Re: [Gimp-user] Color mismatch when an image is printed



Hi James!

On Fri, Sep 23, 2016 at 2:59 PM James Moe <jimoe sohnen-moe com> wrote:

On 09/22/2016 09:13 AM, Pat David wrote:
Did you also generate a profile for your printer?

  How do I do that?
  I'd search the online manual, except... There is no search function!
Thus rendering the manual somewhat useless for finding specific topics.


http://imgur.com/a/mnhLn

The problem as I understand it (there are far smarter folks than I for
color management stuff here) is that we are talking mainly about a problem
of degrees.  Your uncalibrated monitor may or may not show you colors that
are representative of what they should be for a given colorspace.  So far
it may _seem_ ok to you, but the best you can hope for w/o calibrating or
profiling is that it looks close enough for you.  Apparently the "close
enough" has drifted recently for any number of reasons.

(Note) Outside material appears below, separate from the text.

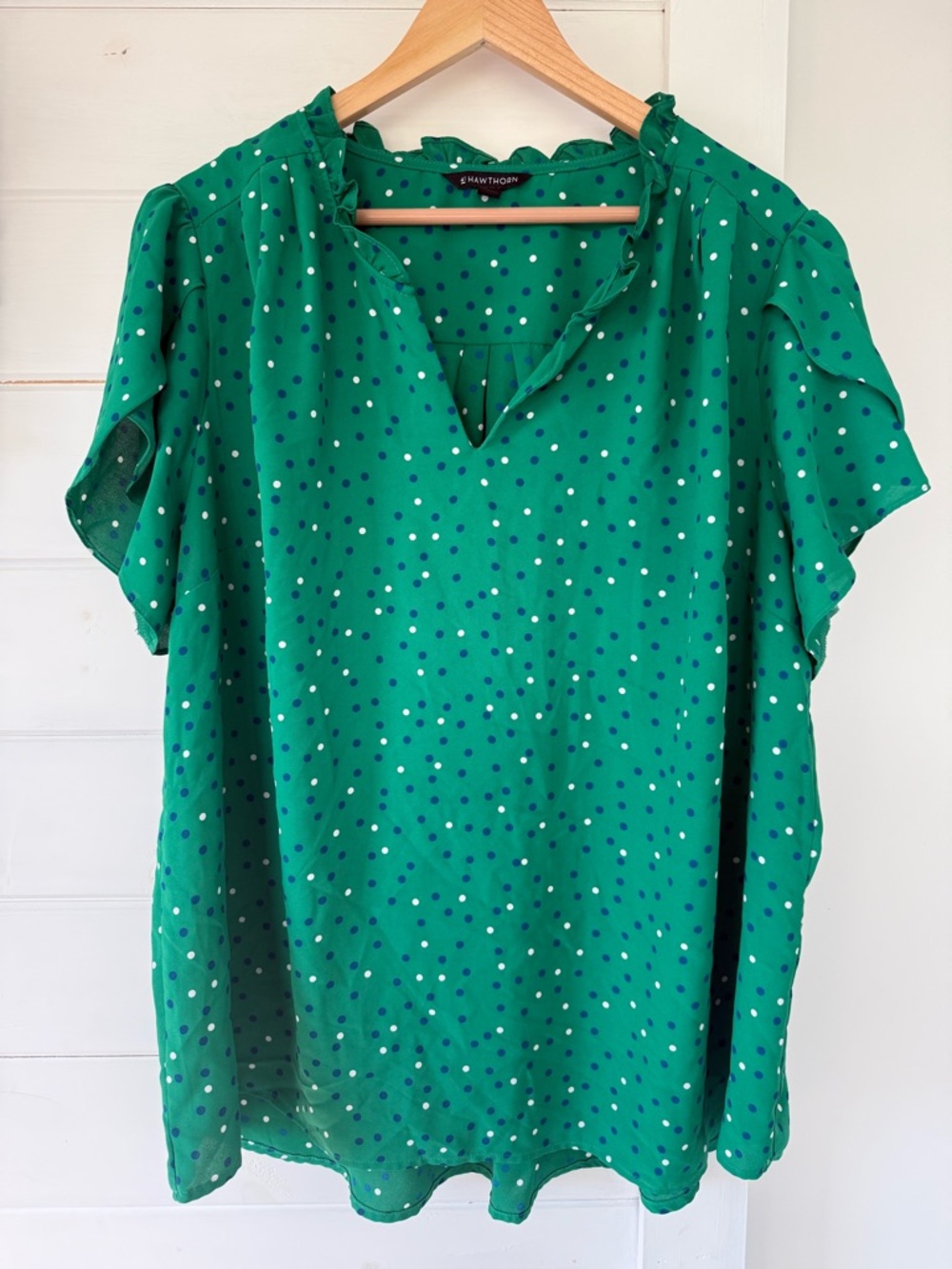 41 Hawthorn Green Polka Dot Ruffle Sleeve Blouse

Pascal has a still relevant tutorial on display color profiling in linux:
https://encrypted.pcode.nl/blog/2013/11/24/display-color-profiling-on-linux/

If you have the hardware, you can use displaycal to do the calibration and
profiling: http://displaycal.net/

Basically, this will get you a profile for your monitor and hardware to
show you the correct colors.  At that stage you can be reasonably
comfortable that what you see on your calibrated hardware should look the
same on someone elses calibrated hardware (or at least really close).

The next problem is that you will need to print a reference target on your
printer, with your inks, and then use that reference print to generate a
profile for your printer.  This will allow you to use the profile for
soft-proofing your images prior to printing so that you can see what they
should look like when printed.  This is beyond the scope of a quick email,
but I'm hoping some folks on the list might have some better references to
post for you to follow...


  I have some standard ICC profiles:
CMYK:
  un-/coated
  web un-/coated
  US web un-/coated
  US sheetfed un-/coated

  Would any of those be an appropriate default?


Maybe?  I doubt they would be any better than any other profile that isn't
generated from your printer and created by you.